By Deanne Katz, Esq. | Last updated on

It's not that you're doing it intentionally, but if you're a stressed-out small business owner there's a chance that you're sabotaging your own business.

Not all the work you do for your business is necessarily helping you move forward. Putting in all the overtime and taking on all that work may actually be setting you back. That's obviously not the goal.

But it's hard to fix a problem if you don't know what you're doing wrong. To help you out, here are some of the more common forms of self-sabotage that can happen to business owners:

  1. Sending the wrong message. You can't be all things to all people, no matter how great your business model appears. Attempting to do that will just confuse people and may make it hard to grow your customer base. Decide what you want your company to be about and then make sure to follow that.

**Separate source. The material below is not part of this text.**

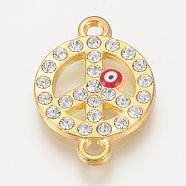 Alloy Rhinestone Links connectors, Cadmium Free & Lead Free, Flat Round with Peace Sign and Evil Eye, Red, Golden, 22.5x16x2mm, Hole: 1.5mm(ALRI-S170-34G)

  2. Not reading the fine print. Businesses involve lots of paperwork, which means a lot of fine print. It may seem like a time saver to use boilerplate contracts for employment and incorporation, but in most cases those won't address your specific needs. Take time the read the fine print and better yet, have a professional go over it with you.

  3. Overpromising. High expectations can be a good thing, but if you fail to perform it will significantly hurt your reputation. Don't set yourself up for failure by promising something you can't deliver. Instead, plan for some extra time in case something comes up to prevent timely action. It never hurts to overdeliver.

  4. Failing to delegate. It doesn't matter how organized you are or how much time you have to devote to the business, at some point you have to share the work. That doesn't mean overall quality has to suffer. Get someone else to do the task and then check their work to make sure it's up to your standards.

  5. Not having a support team. You expect your clients to trust you as an expert, but that also means you should trust experts when you need them. Dealing with accounts and filling out legal paperwork can get pretty complicated, so work with professionals like an accountant and a business attorney to protect your interests.

  6. Growing too fast. It's great to feel like your business is growing, but if it grows too fast you may have to skimp on quality to make up for it in quantity. When deciding to expand your hours, offer new products, or order more merchandise, first take the time to think about whether growing so fast will set you back financially.

  7. Failing to take care of yourself. As a small business owner, you are the heart and soul of the company. If you're not staying healthy, getting rest, and taking a break once in a while, your company won't be doing so well either. Take some time to yourself so you can get things done in the office.